» **Work to be completed**: Can you transcribe every record below exactly as it appears?

Extracted records:
####################

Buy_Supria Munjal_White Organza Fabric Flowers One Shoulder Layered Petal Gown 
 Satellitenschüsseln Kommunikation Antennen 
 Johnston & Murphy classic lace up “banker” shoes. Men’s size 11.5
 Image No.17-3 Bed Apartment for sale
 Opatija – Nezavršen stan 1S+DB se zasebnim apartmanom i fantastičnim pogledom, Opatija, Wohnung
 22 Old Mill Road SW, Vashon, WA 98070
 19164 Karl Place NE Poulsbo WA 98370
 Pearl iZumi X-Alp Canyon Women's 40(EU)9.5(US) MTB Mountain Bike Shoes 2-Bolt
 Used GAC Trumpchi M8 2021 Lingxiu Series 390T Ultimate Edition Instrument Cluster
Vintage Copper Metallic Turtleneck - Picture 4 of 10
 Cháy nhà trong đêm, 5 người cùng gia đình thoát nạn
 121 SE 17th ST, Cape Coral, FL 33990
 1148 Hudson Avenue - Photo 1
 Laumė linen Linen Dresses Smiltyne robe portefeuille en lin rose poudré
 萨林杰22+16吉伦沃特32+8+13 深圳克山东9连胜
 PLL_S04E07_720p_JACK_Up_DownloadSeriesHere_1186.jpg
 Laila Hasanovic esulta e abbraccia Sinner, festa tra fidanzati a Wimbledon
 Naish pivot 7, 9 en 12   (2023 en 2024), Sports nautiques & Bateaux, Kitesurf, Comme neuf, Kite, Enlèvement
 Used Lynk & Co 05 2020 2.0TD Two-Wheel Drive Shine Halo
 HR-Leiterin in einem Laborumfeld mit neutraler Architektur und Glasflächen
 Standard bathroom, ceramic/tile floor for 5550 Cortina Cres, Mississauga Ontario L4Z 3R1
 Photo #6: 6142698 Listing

####################

» **Solution to this problem**:
Buy_Supria Munjal_White Organza Fabric Flowers One Shoulder Layered Petal Gown 
 Satellitenschüsseln Kommunikation Antennen 
 Johnston & Murphy classic lace up “banker” shoes. Men’s size 11.5
 Image No.17-3 Bed Apartment for sale
 Opatija – Nezavršen stan 1S+DB se zasebnim apartmanom i fantastičnim pogledom, Opatija, Wohnung
 22 Old Mill Road SW, Vashon, WA 98070
 19164 Karl Place NE Poulsbo WA 98370
 Pearl iZumi X-Alp Canyon Women's 40(EU)9.5(US) MTB Mountain Bike Shoes 2-Bolt
 Used GAC Trumpchi M8 2021 Lingxiu Series 390T Ultimate Edition Instrument Cluster
Vintage Copper Metallic Turtleneck - Picture 4 of 10
 Cháy nhà trong đêm, 5 người cùng gia đình thoát nạn
 121 SE 17th ST, Cape Coral, FL 33990
 1148 Hudson Avenue - Photo 1
 Laumė linen Linen Dresses Smiltyne robe portefeuille en lin rose poudré
 萨林杰22+16吉伦沃特32+8+13 深圳克山东9连胜
 PLL_S04E07_720p_JACK_Up_DownloadSeriesHere_1186.jpg
 Laila Hasanovic esulta e abbraccia Sinner, festa tra fidanzati a Wimbledon
 Naish pivot 7, 9 en 12   (2023 en 2024), Sports nautiques & Bateaux, Kitesurf, Comme neuf, Kite, Enlèvement
 Used Lynk & Co 05 2020 2.0TD Two-Wheel Drive Shine Halo
 HR-Leiterin in einem Laborumfeld mit neutraler Architektur und Glasflächen
 Standard bathroom, ceramic/tile floor for 5550 Cortina Cres, Mississauga Ontario L4Z 3R1
 Photo #6: 6142698 Listing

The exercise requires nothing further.